» DESCRIPTION OF THE TASK: Please repeat, unchanged, the lines at the top of the listing below, ending with the one that has "Tasses et sous-tasses".

» STUDY MATERIAL:
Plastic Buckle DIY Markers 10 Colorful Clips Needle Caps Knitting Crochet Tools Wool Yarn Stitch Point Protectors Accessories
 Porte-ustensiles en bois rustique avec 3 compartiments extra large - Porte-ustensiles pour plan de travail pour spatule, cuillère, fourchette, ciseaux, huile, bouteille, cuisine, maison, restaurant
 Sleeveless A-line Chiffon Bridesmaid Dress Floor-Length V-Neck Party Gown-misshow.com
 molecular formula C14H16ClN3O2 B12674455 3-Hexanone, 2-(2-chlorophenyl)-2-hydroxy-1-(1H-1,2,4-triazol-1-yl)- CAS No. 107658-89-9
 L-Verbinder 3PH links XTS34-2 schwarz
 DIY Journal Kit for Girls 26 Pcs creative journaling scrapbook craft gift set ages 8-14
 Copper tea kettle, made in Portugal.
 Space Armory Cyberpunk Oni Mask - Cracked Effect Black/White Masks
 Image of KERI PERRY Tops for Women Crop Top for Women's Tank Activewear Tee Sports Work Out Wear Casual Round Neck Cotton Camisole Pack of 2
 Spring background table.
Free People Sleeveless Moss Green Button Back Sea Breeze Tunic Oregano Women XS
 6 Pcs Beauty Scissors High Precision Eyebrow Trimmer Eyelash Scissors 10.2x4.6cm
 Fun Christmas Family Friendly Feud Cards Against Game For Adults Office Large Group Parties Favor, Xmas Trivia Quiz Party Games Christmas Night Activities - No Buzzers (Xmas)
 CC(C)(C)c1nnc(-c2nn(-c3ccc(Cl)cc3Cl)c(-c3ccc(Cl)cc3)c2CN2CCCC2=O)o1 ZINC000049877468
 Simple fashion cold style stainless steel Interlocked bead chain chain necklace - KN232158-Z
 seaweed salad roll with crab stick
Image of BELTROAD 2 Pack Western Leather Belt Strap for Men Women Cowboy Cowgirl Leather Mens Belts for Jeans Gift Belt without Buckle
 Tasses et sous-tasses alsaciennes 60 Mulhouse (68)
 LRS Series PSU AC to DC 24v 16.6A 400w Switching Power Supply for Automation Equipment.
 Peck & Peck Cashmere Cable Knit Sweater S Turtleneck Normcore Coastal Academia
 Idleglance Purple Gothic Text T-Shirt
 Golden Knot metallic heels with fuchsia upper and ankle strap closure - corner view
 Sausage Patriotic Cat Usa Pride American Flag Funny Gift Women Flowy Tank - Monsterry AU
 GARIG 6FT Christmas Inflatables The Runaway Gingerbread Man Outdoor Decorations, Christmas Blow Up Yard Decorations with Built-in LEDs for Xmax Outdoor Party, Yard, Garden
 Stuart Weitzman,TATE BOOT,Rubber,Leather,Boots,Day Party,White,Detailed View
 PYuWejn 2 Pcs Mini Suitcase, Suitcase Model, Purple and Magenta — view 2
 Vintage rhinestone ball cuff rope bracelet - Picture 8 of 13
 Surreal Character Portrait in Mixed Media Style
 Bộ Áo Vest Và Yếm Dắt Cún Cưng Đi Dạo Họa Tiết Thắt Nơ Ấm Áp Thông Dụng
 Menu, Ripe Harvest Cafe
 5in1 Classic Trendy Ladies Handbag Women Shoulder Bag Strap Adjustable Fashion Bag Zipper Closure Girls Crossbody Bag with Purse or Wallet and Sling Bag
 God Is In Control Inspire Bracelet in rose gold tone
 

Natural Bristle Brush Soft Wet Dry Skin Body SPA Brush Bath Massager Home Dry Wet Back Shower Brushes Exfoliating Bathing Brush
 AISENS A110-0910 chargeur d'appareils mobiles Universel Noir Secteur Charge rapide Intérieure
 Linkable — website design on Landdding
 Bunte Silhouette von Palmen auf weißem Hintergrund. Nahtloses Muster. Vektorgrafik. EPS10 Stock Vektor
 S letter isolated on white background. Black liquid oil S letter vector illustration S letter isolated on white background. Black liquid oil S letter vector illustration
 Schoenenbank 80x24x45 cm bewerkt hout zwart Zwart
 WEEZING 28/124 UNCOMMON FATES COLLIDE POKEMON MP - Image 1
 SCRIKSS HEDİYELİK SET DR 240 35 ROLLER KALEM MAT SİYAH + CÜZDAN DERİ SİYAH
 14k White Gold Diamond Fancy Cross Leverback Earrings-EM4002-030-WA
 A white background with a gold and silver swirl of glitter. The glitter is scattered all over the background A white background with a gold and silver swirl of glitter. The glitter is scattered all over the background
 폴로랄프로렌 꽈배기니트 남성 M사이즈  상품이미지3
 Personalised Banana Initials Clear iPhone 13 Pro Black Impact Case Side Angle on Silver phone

» WRITTEN REPLY:
Plastic Buckle DIY Markers 10 Colorful Clips Needle Caps Knitting Crochet Tools Wool Yarn Stitch Point Protectors Accessories
 Porte-ustensiles en bois rustique avec 3 compartiments extra large - Porte-ustensiles pour plan de travail pour spatule, cuillère, fourchette, ciseaux, huile, bouteille, cuisine, maison, restaurant
 Sleeveless A-line Chiffon Bridesmaid Dress Floor-Length V-Neck Party Gown-misshow.com
 molecular formula C14H16ClN3O2 B12674455 3-Hexanone, 2-(2-chlorophenyl)-2-hydroxy-1-(1H-1,2,4-triazol-1-yl)- CAS No. 107658-89-9
 L-Verbinder 3PH links XTS34-2 schwarz
 DIY Journal Kit for Girls 26 Pcs creative journaling scrapbook craft gift set ages 8-14
 Copper tea kettle, made in Portugal.
 Space Armory Cyberpunk Oni Mask - Cracked Effect Black/White Masks
 Image of KERI PERRY Tops for Women Crop Top for Women's Tank Activewear Tee Sports Work Out Wear Casual Round Neck Cotton Camisole Pack of 2
 Spring background table.
Free People Sleeveless Moss Green Button Back Sea Breeze Tunic Oregano Women XS
 6 Pcs Beauty Scissors High Precision Eyebrow Trimmer Eyelash Scissors 10.2x4.6cm
 Fun Christmas Family Friendly Feud Cards Against Game For Adults Office Large Group Parties Favor, Xmas Trivia Quiz Party Games Christmas Night Activities - No Buzzers (Xmas)
 CC(C)(C)c1nnc(-c2nn(-c3ccc(Cl)cc3Cl)c(-c3ccc(Cl)cc3)c2CN2CCCC2=O)o1 ZINC000049877468
 Simple fashion cold style stainless steel Interlocked bead chain chain necklace - KN232158-Z
 seaweed salad roll with crab stick
Image of BELTROAD 2 Pack Western Leather Belt Strap for Men Women Cowboy Cowgirl Leather Mens Belts for Jeans Gift Belt without Buckle
 Tasses et sous-tasses alsaciennes 60 Mulhouse (68)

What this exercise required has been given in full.